La Cour considère qu’il résulte de la décision du Tribunal Administratif confirmé par l’Arrêt de la Cour Administrative d’Appel, que les faits reprochés au salarié, bien que présentant un caractère fautif, ne comportent pas toutefois un degré de gravité suffisante pour justifier à eux seuls le licenciement du salarié, et que contrairement à ce qui est soutenu par l’employeur, la décision de la Juridiction Administrative prononçant l’annulation de la décision du Ministre du Travail autorisant le licenciement du salarié, est donc motivé par des considérations relatives au caractère réel et sérieux.
Il s’ensuit que la Cour d’Appel de POITIERS s’estime liée par cette décision et elle en tire les conséquences en disant le licenciement sans cause réelle et sérieuse, ce qui ouvre droit pour le salarié au paiement de diverses indemnités.
Ensuite de cette décision, le salarié forme un pourvoi en Cassation.
Si la Chambre Sociale rejette le premier moyen de l’employeur fondé sur la péremption d’instance, ainsi que le deuxième moyen de l’employeur fondé sur la condamnation à une somme au titre de dommages et intérêts pour discrimination syndicale, toutefois, la Chambre Sociale va accueillir le troisième moyen de l’employeur au visa des articles L.1235-3 et L.2422-1 du Code du Travail.
Enonçant que, pour s’estimer liée par la décision de la Juridiction Administrative et dire le licenciement sans cause réelle et sérieuse, la Cour d’Appel a retenu qu’il résulte de la décision du Tribunal Administratif, confirmée par l’Arrêt de la Cour Administrative d’Appel, que les faits reprochés au salarié, bien que présentant un caractère fautif, ne comportaient pas toutefois un degré de gravité suffisant pour justifier à eux seuls son licenciement et que contrairement à ce qui est soutenu par l’employeur, la décision de la Juridiction Administrative prononçant l’annulation de la décision du Ministre du Travail autorisant le licenciement est donc motivée par des considérations relatives au caractère réel et sérieux du licenciement.

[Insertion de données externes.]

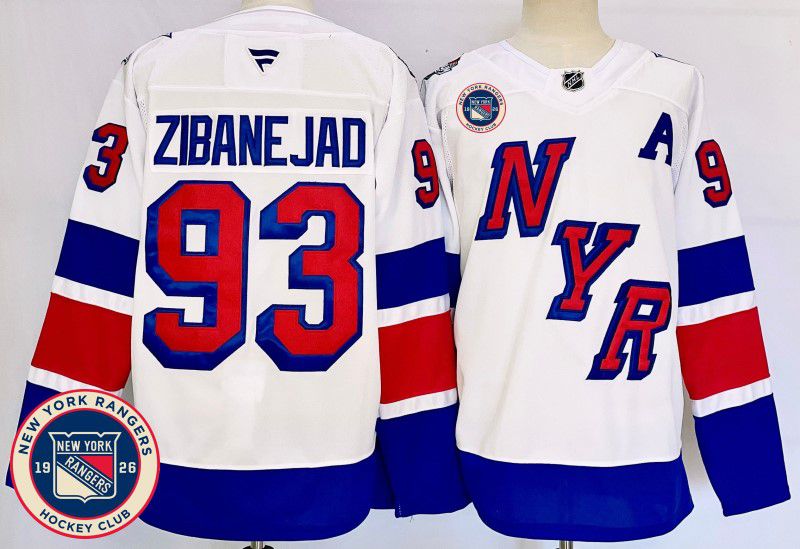 Men New York Rangers #93 Zibanejad White Fanatics 2025 NHL Jersey style 2->new york rangers->NHL Jersey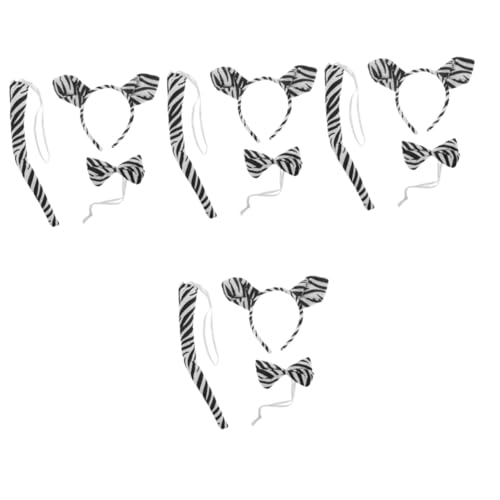FOMIYES 4 Sätze Halloween-Tierkostüm Zebraohren Zubehör Partystirnband Bogen Ohren Stirnband Tierstirnband tierisches Haarband Halloween-Tier-Cosplay-Stütze Stoff von FOMIYES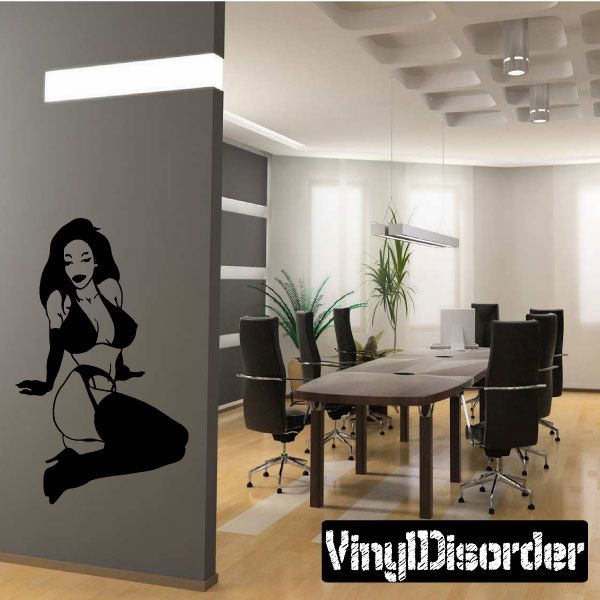 Black lingerie woman wall decal, seated pose with long hair silhouette.
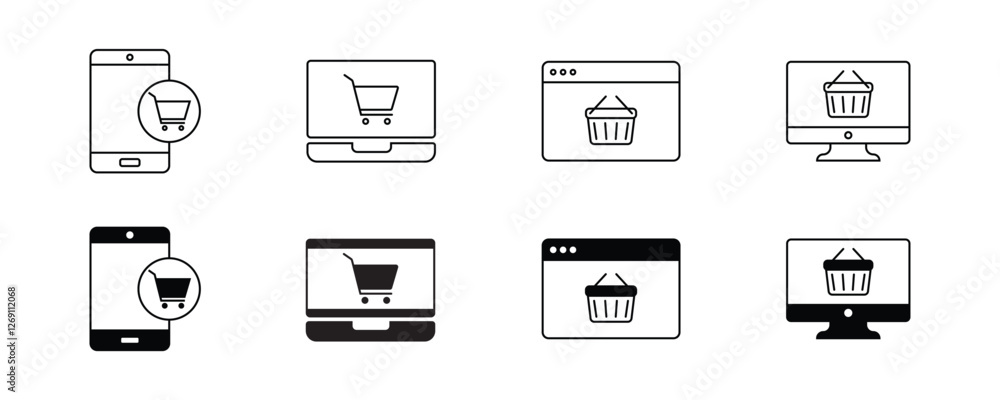 E-commerce line and flat icon set. Shopping cart on electronic mobile and devices icon symbol on white background with editable stroke for apps and websites. Vector illustration EPS 10 E-commerce line and flat icon set. Shopping cart on electronic mobile and devices icon symbol on white background with editable stroke for apps and websites. Vector illustration EPS 10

La Chambre Sociale considère qu’en statuant ainsi, alors que la Cour Administrative d’Appel avait seulement confirmé le Jugement du Tribunal Administratif sur un motif de légalité externe tenant à l’absence d’enquête contradictoire par l’Inspecteur du Travail, mais n’avait pas statué sur le motif selon lequel les faits reprochés au salarié ne comportaient pas un degré de gravité suffisant pour justifier son licenciement, de sorte que ce dernier motif ne pouvait constituer le soutien nécessaire de sa décision et que la Cour d’Appel qui devait dès lors rechercher si le licenciement du salarié était justifié par un cause réelle et sérieuse, a violé les articles L.1235-3 et L.2422-1 du Code du Travail.
Par suite, la Chambre Sociale casse et annule l’Arrêt d’appel sur le troisième moyen, seulement en ce qu’il a condamné l’employeur à verser au salarié diverses sommes au titre de l’indemnité compensatrice de préavis et congés payés y afférents, d’indemnité conventionnelle de licenciement et d’indemnité pour licenciement sans cause réelle et sérieuse.